▶ _RECORDS FOR THIS EXERCISE_
▼
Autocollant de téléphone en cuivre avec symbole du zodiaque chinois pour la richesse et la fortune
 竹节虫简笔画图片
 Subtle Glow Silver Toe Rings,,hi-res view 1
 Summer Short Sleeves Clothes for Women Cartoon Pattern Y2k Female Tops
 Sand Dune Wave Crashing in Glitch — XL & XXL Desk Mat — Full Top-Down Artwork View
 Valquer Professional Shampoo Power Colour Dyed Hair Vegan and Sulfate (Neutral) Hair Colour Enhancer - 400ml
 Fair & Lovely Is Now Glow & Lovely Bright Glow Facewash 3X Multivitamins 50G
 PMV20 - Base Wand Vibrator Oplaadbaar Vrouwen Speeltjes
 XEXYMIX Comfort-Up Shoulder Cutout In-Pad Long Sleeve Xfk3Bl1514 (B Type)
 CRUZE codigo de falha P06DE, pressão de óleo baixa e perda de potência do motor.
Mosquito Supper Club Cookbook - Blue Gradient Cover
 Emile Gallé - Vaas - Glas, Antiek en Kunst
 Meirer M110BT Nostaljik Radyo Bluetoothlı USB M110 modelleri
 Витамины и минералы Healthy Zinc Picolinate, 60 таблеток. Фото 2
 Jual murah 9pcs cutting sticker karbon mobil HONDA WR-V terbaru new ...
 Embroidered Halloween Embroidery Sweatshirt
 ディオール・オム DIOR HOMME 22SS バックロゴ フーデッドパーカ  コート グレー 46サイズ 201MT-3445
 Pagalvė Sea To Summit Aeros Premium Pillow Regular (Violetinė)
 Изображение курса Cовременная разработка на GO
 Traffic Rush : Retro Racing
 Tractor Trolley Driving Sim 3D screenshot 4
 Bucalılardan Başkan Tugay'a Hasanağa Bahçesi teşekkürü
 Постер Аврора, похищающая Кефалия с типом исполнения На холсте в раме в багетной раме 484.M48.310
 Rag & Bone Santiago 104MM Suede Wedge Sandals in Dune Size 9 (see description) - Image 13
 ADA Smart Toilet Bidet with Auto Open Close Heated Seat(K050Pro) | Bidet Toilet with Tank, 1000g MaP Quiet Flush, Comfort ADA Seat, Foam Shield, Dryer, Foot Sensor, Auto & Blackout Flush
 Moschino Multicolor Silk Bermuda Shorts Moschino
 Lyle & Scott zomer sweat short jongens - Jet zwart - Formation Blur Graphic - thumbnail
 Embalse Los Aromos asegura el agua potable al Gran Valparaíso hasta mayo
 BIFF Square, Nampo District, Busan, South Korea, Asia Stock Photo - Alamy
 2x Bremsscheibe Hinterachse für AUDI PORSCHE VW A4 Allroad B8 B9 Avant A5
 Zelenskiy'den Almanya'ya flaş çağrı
▲
Your reply is to repeat, unchanged, the lines above running from the one with "Jual murah 9pcs" up to and including the one with "Tractor Trolley Driving Sim 3D screenshot 4".

▶ _EXPECTED OUTPUT_
 Jual murah 9pcs cutting sticker karbon mobil HONDA WR-V terbaru new ...
 Embroidered Halloween Embroidery Sweatshirt
 ディオール・オム DIOR HOMME 22SS バックロゴ フーデッドパーカ  コート グレー 46サイズ 201MT-3445
 Pagalvė Sea To Summit Aeros Premium Pillow Regular (Violetinė)
 Изображение курса Cовременная разработка на GO
 Traffic Rush : Retro Racing
 Tractor Trolley Driving Sim 3D screenshot 4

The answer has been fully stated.